• [Directions]: If a record below holds a picture, drop the picture and copy everything else exactly.

• [Working data]:
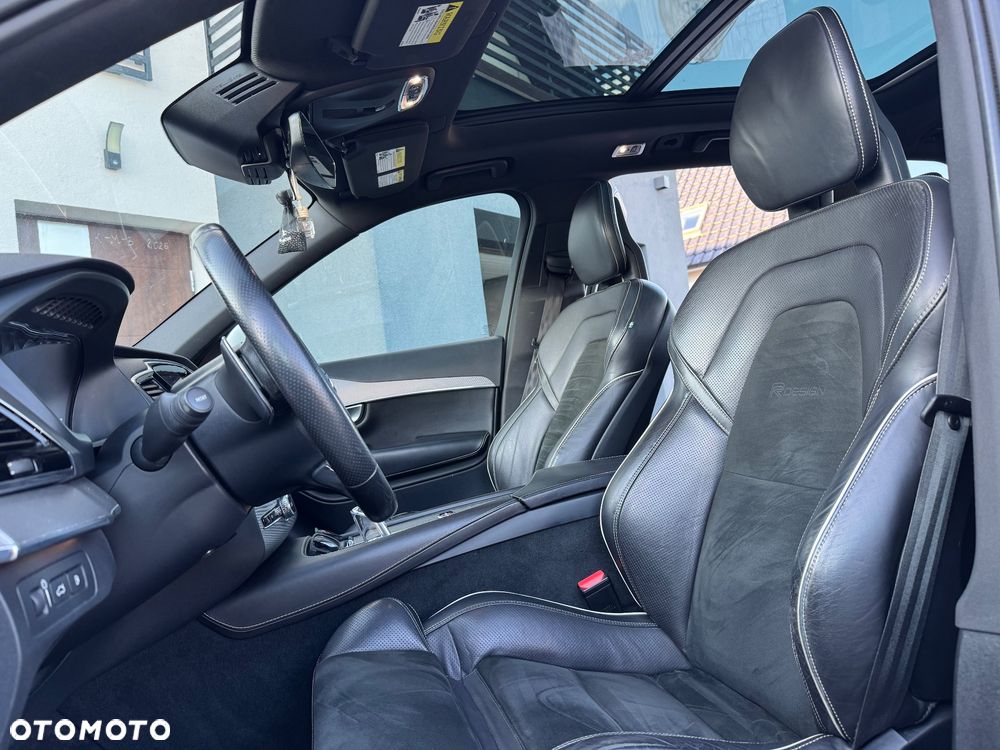 Volvo XC 90 - 16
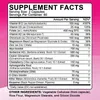 Myo-Inositol, D-Chiro Inositol, Berberine, Vitamin D3+K2 Produktbild-Vorschau 11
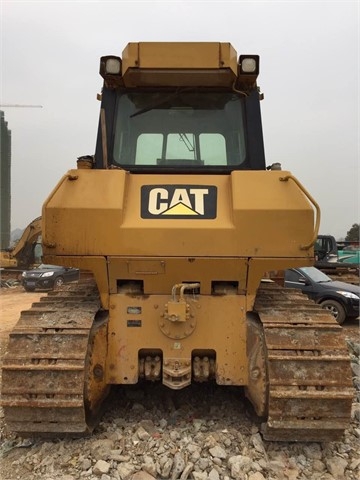 Dozers/tracks Caterpillar D7G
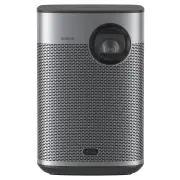 XGIMI HALO+ Smart DLP 1080p Google TV Licensed Portable Projector WM03001
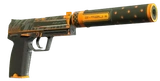 CS Item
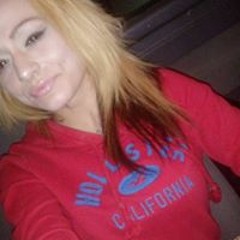 Tiff pellerin'Molina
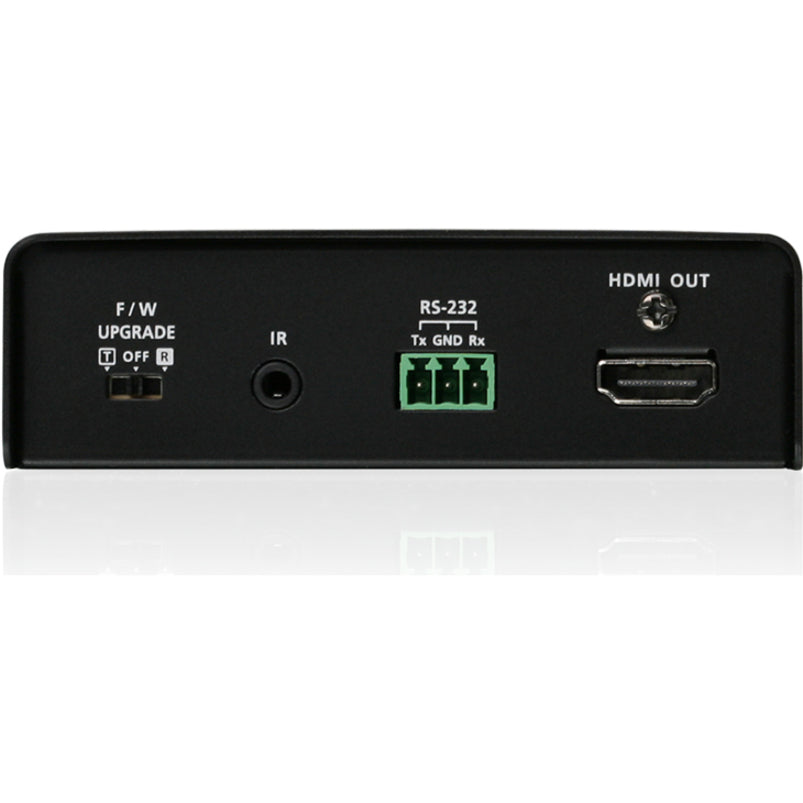 IOGEAR Cinema 4K HDBaseT-Lite Extender with HDMI Connection and POH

• [Solution to this exercise]:
 Volvo XC 90 - 16
 Myo-Inositol, D-Chiro Inositol, Berberine, Vitamin D3+K2 Produktbild-Vorschau 11
 Dozers/tracks Caterpillar D7G
 XGIMI HALO+ Smart DLP 1080p Google TV Licensed Portable Projector WM03001
 CS Item
 Tiff pellerin'Molina
 IOGEAR Cinema 4K HDBaseT-Lite Extender with HDMI Connection and POH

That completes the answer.